Source records
:::

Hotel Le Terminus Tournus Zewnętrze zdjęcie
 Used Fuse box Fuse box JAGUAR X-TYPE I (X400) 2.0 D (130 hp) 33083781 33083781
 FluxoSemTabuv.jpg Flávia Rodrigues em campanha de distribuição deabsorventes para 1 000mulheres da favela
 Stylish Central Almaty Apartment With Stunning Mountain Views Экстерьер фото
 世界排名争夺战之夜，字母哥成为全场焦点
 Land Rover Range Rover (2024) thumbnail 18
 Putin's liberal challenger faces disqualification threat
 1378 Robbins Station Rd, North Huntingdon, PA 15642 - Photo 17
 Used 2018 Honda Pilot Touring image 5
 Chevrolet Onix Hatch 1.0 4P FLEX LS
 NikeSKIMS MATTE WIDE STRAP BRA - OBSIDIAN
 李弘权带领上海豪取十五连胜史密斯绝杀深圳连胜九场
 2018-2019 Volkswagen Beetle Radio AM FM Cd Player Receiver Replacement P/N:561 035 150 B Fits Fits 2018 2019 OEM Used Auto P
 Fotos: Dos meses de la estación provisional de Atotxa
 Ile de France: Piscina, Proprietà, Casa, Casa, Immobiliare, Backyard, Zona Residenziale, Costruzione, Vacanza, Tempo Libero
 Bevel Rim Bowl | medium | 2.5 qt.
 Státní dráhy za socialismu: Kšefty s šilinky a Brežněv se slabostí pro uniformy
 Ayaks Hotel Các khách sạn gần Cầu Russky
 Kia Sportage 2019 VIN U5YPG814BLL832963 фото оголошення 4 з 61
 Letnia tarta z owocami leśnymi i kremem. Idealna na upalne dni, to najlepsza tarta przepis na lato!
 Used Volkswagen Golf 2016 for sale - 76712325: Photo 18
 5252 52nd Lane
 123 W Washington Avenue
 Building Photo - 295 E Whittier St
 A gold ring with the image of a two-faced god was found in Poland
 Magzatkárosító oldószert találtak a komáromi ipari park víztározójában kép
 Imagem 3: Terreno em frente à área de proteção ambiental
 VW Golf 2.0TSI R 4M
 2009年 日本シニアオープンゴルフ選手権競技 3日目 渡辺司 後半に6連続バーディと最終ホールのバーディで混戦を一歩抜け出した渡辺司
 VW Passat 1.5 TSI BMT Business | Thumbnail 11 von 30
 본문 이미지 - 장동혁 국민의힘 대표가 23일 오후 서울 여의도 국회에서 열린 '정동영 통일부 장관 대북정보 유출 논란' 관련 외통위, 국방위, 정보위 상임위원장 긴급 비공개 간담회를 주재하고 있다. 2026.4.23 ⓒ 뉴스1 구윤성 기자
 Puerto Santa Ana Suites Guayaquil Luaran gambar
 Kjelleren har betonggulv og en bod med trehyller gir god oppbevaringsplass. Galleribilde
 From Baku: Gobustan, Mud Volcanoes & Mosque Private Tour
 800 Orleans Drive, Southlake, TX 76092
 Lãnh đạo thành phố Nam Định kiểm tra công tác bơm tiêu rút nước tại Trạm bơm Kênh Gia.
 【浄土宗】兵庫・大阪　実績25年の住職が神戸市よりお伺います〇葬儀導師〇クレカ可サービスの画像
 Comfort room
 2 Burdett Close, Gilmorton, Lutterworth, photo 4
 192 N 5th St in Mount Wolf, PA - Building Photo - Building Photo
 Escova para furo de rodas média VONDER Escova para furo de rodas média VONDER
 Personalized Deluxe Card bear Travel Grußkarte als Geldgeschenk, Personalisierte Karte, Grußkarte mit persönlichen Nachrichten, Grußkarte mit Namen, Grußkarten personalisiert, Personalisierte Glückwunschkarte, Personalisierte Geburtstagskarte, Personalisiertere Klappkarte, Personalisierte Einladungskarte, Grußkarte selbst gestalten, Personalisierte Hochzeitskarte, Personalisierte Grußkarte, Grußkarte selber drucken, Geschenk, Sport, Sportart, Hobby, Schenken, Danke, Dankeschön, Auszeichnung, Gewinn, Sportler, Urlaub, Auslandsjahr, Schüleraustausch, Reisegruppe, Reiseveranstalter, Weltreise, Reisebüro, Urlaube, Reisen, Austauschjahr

:::

▶ **EXERCISE DIRECTIONS**
In full and without changes, copy the entries above.

▶ **ANSWER FOR THE TASK**
Hotel Le Terminus Tournus Zewnętrze zdjęcie
 Used Fuse box Fuse box JAGUAR X-TYPE I (X400) 2.0 D (130 hp) 33083781 33083781
 FluxoSemTabuv.jpg Flávia Rodrigues em campanha de distribuição deabsorventes para 1 000mulheres da favela
 Stylish Central Almaty Apartment With Stunning Mountain Views Экстерьер фото
 世界排名争夺战之夜，字母哥成为全场焦点
 Land Rover Range Rover (2024) thumbnail 18
 Putin's liberal challenger faces disqualification threat
 1378 Robbins Station Rd, North Huntingdon, PA 15642 - Photo 17
 Used 2018 Honda Pilot Touring image 5
 Chevrolet Onix Hatch 1.0 4P FLEX LS
 NikeSKIMS MATTE WIDE STRAP BRA - OBSIDIAN
 李弘权带领上海豪取十五连胜史密斯绝杀深圳连胜九场
 2018-2019 Volkswagen Beetle Radio AM FM Cd Player Receiver Replacement P/N:561 035 150 B Fits Fits 2018 2019 OEM Used Auto P
 Fotos: Dos meses de la estación provisional de Atotxa
 Ile de France: Piscina, Proprietà, Casa, Casa, Immobiliare, Backyard, Zona Residenziale, Costruzione, Vacanza, Tempo Libero
 Bevel Rim Bowl | medium | 2.5 qt.
 Státní dráhy za socialismu: Kšefty s šilinky a Brežněv se slabostí pro uniformy
 Ayaks Hotel Các khách sạn gần Cầu Russky
 Kia Sportage 2019 VIN U5YPG814BLL832963 фото оголошення 4 з 61
 Letnia tarta z owocami leśnymi i kremem. Idealna na upalne dni, to najlepsza tarta przepis na lato!
 Used Volkswagen Golf 2016 for sale - 76712325: Photo 18
 5252 52nd Lane
 123 W Washington Avenue
 Building Photo - 295 E Whittier St
 A gold ring with the image of a two-faced god was found in Poland
 Magzatkárosító oldószert találtak a komáromi ipari park víztározójában kép
 Imagem 3: Terreno em frente à área de proteção ambiental
 VW Golf 2.0TSI R 4M
 2009年 日本シニアオープンゴルフ選手権競技 3日目 渡辺司 後半に6連続バーディと最終ホールのバーディで混戦を一歩抜け出した渡辺司
 VW Passat 1.5 TSI BMT Business | Thumbnail 11 von 30
 본문 이미지 - 장동혁 국민의힘 대표가 23일 오후 서울 여의도 국회에서 열린 '정동영 통일부 장관 대북정보 유출 논란' 관련 외통위, 국방위, 정보위 상임위원장 긴급 비공개 간담회를 주재하고 있다. 2026.4.23 ⓒ 뉴스1 구윤성 기자
 Puerto Santa Ana Suites Guayaquil Luaran gambar
 Kjelleren har betonggulv og en bod med trehyller gir god oppbevaringsplass. Galleribilde
 From Baku: Gobustan, Mud Volcanoes & Mosque Private Tour
 800 Orleans Drive, Southlake, TX 76092
 Lãnh đạo thành phố Nam Định kiểm tra công tác bơm tiêu rút nước tại Trạm bơm Kênh Gia.
 【浄土宗】兵庫・大阪　実績25年の住職が神戸市よりお伺います〇葬儀導師〇クレカ可サービスの画像
 Comfort room
 2 Burdett Close, Gilmorton, Lutterworth, photo 4
 192 N 5th St in Mount Wolf, PA - Building Photo - Building Photo
 Escova para furo de rodas média VONDER Escova para furo de rodas média VONDER
 Personalized Deluxe Card bear Travel Grußkarte als Geldgeschenk, Personalisierte Karte, Grußkarte mit persönlichen Nachrichten, Grußkarte mit Namen, Grußkarten personalisiert, Personalisierte Glückwunschkarte, Personalisierte Geburtstagskarte, Personalisiertere Klappkarte, Personalisierte Einladungskarte, Grußkarte selbst gestalten, Personalisierte Hochzeitskarte, Personalisierte Grußkarte, Grußkarte selber drucken, Geschenk, Sport, Sportart, Hobby, Schenken, Danke, Dankeschön, Auszeichnung, Gewinn, Sportler, Urlaub, Auslandsjahr, Schüleraustausch, Reisegruppe, Reiseveranstalter, Weltreise, Reisebüro, Urlaube, Reisen, Austauschjahr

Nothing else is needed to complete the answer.